## YOUR TASK
The required output is the exact run of lines below that opens at the line with "Prada Saffiano Leather" and closes at the line with "Lucky Ornaments Solar".

Start of GIVEN DATA

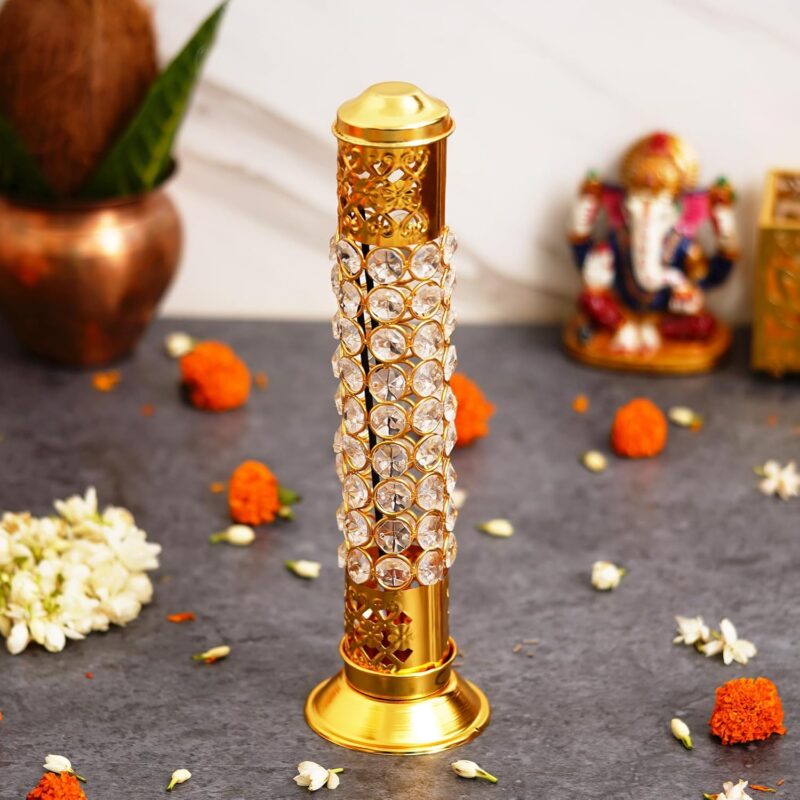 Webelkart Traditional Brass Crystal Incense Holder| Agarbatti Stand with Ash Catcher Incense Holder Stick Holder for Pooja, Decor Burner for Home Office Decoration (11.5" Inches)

End of GIVEN DATA
Start of GIVEN DATA

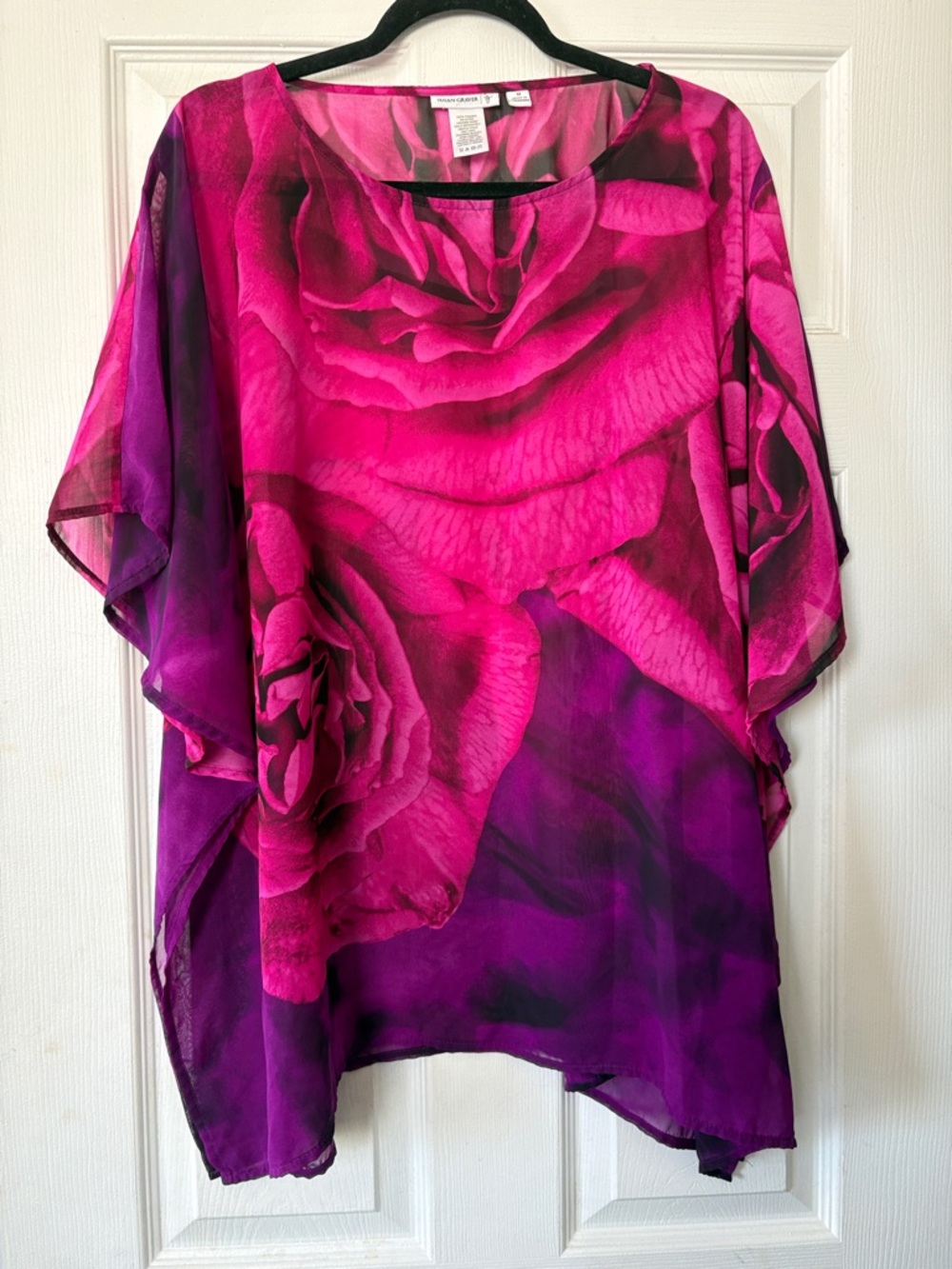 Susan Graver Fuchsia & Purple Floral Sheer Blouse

End of GIVEN DATA
Start of GIVEN DATA

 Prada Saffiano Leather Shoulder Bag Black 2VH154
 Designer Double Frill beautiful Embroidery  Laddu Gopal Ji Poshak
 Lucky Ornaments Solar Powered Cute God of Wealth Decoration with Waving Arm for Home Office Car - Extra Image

End of GIVEN DATA

## ANSWER FOR THIS EXERCISE
 Prada Saffiano Leather Shoulder Bag Black 2VH154
 Designer Double Frill beautiful Embroidery  Laddu Gopal Ji Poshak
 Lucky Ornaments Solar Powered Cute God of Wealth Decoration with Waving Arm for Home Office Car - Extra Image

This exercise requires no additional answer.